EXERCISE DETAILS - Each entry below must be repeated exactly, with pictures left out.

DATA EXTRACT -
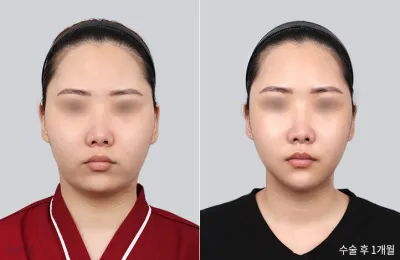 Before & After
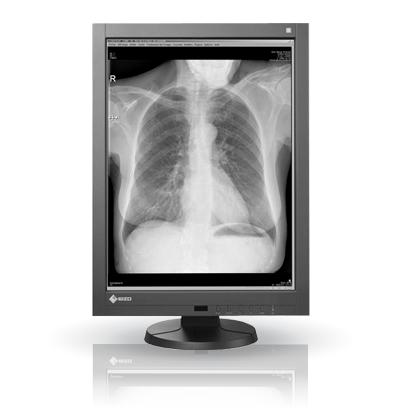 EIZO RadiForce GX340, product photo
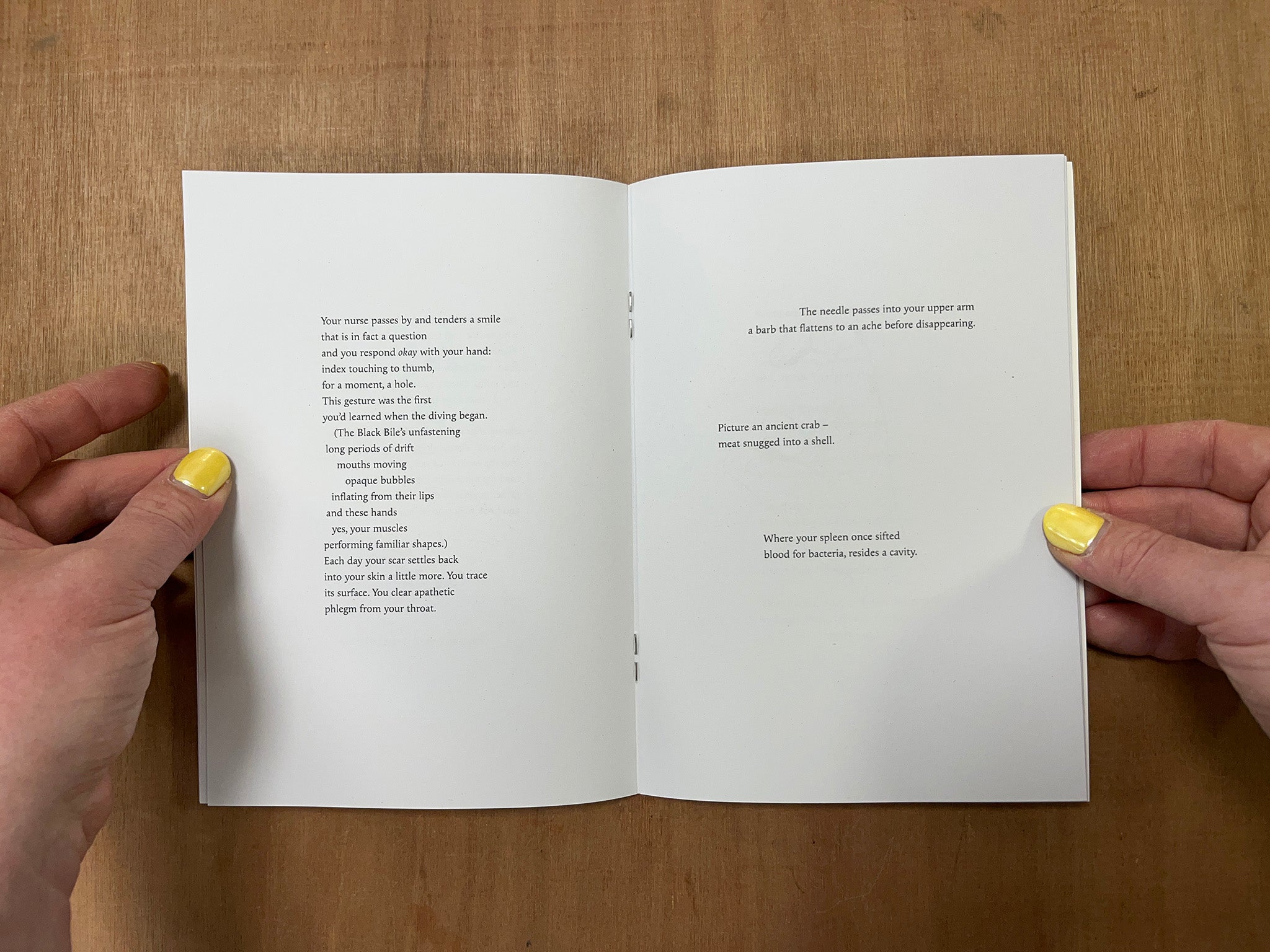 SPLENECTOMY by Eloise Birtwhistle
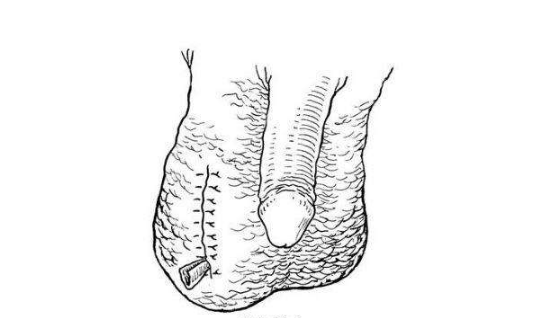 精索曲张睾丸下坠时图片 (22)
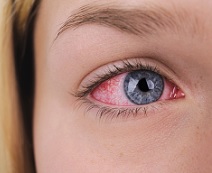 Virale, batterica o allergica. Per ogni congiuntivite la giusta cura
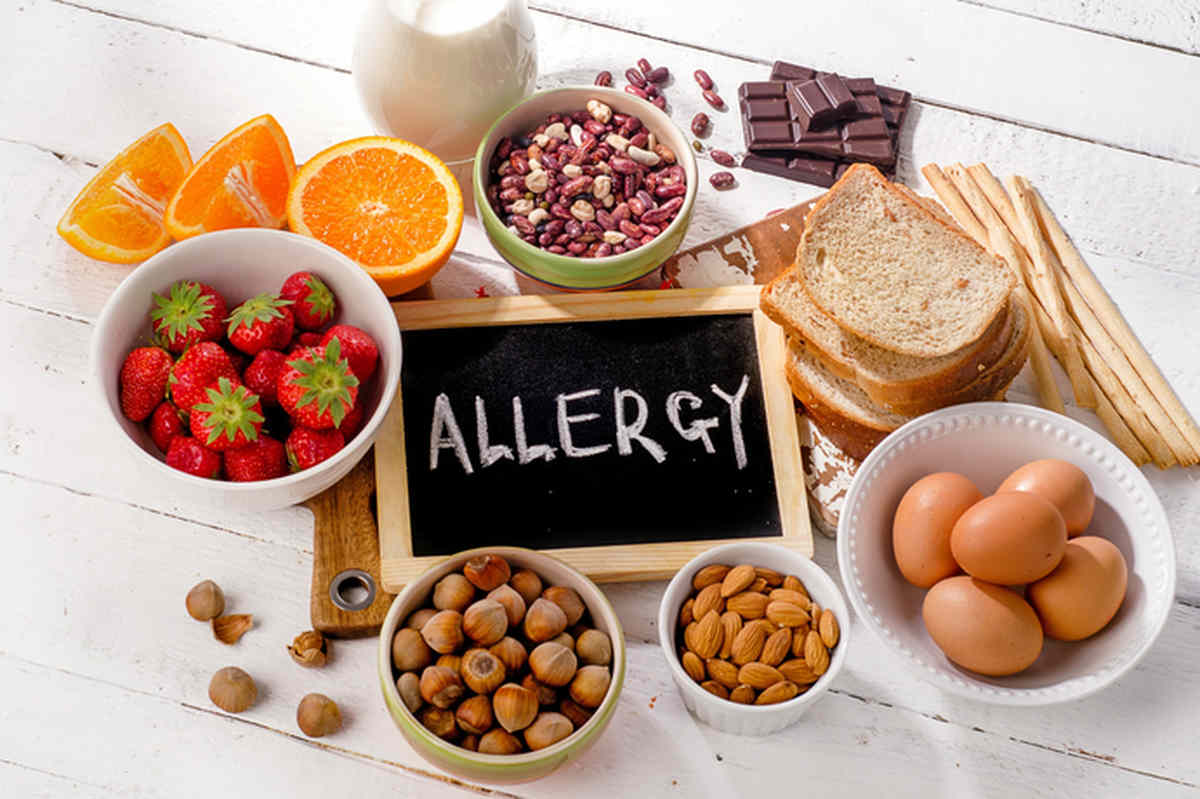food allergy management agency consulting consultancy experts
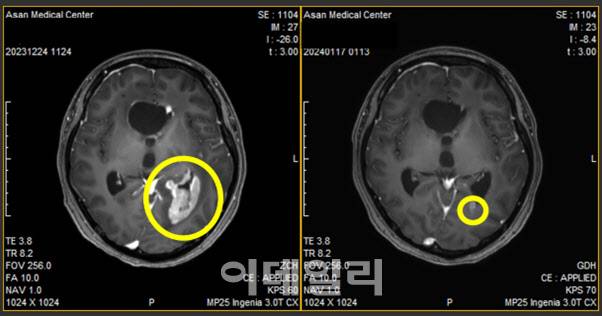 바바메킵 처리 전·후 교모세포종 환자의 뇌 MRI 이미지. (제공=에이비온)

EXERCISE SOLUTION -
 Before & After
 EIZO RadiForce GX340, product photo
 SPLENECTOMY by Eloise Birtwhistle
 精索曲张睾丸下坠时图片 (22)
 Virale, batterica o allergica. Per ogni congiuntivite la giusta cura
food allergy management agency consulting consultancy experts
 바바메킵 처리 전·후 교모세포종 환자의 뇌 MRI 이미지. (제공=에이비온)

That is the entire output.